**Data for this exercise**

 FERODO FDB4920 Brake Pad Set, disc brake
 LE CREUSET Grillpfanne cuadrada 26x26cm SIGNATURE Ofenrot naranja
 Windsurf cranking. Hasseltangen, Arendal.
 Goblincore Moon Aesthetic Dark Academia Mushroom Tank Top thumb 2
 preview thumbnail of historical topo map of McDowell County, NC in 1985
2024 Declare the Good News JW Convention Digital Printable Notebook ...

==

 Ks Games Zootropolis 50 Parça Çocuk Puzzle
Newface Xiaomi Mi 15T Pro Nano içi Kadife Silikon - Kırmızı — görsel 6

* * *

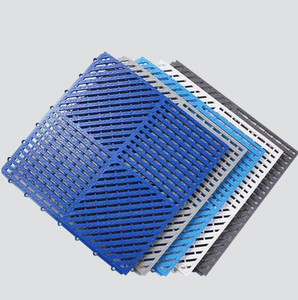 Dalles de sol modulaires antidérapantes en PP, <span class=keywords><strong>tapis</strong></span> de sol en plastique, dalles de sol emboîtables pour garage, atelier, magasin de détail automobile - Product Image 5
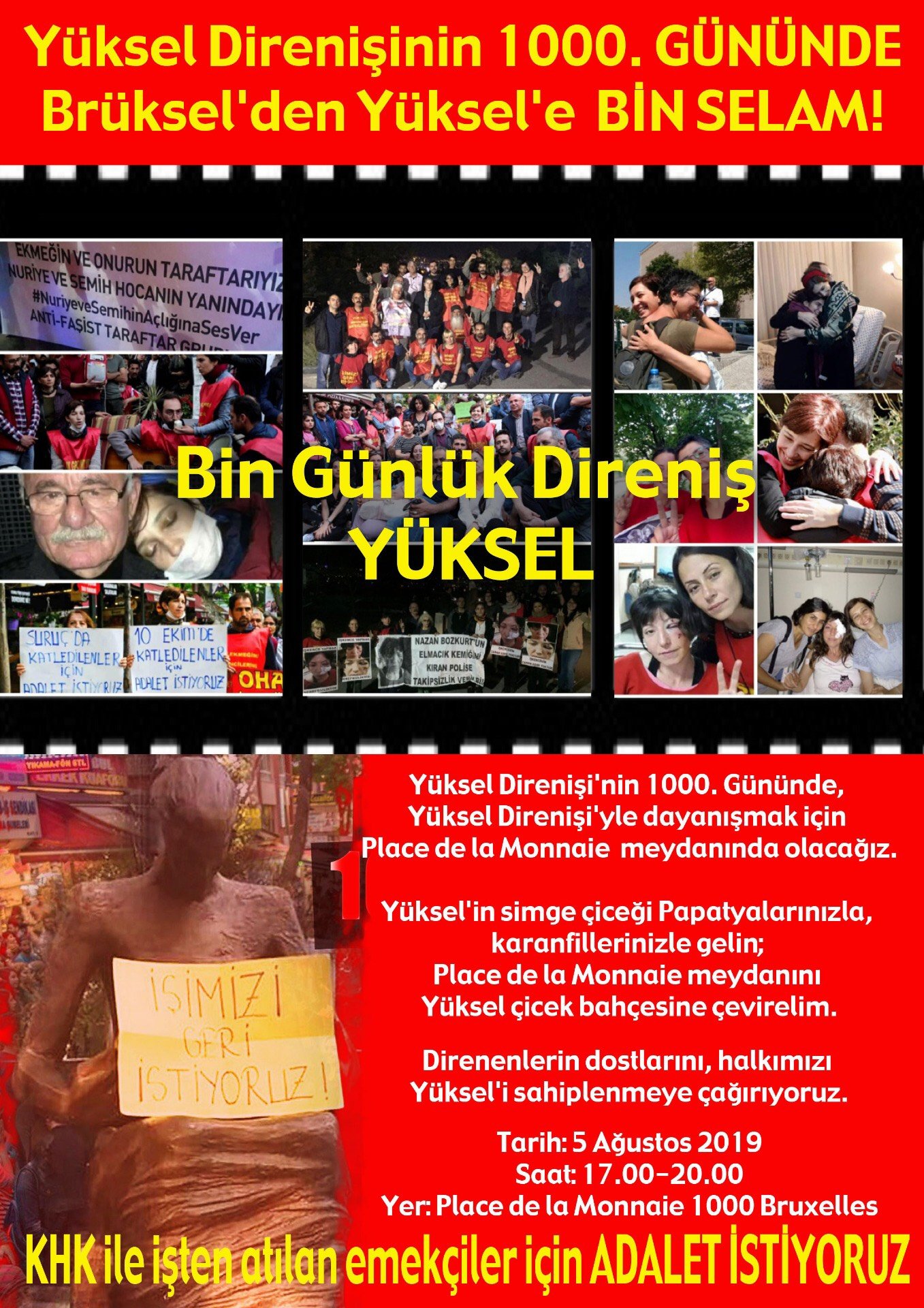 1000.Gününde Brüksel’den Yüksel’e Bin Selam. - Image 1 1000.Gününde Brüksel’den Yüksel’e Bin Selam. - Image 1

**Task to complete**
Search the listing above for the lines with "Ks Games Zootropolis 50 Parça Çocuk Puzzle" and "Newface Xiaomi Mi", then output those lines and all lines between them exactly.

**Answer below**
 Ks Games Zootropolis 50 Parça Çocuk Puzzle
Newface Xiaomi Mi 15T Pro Nano içi Kadife Silikon - Kırmızı — görsel 6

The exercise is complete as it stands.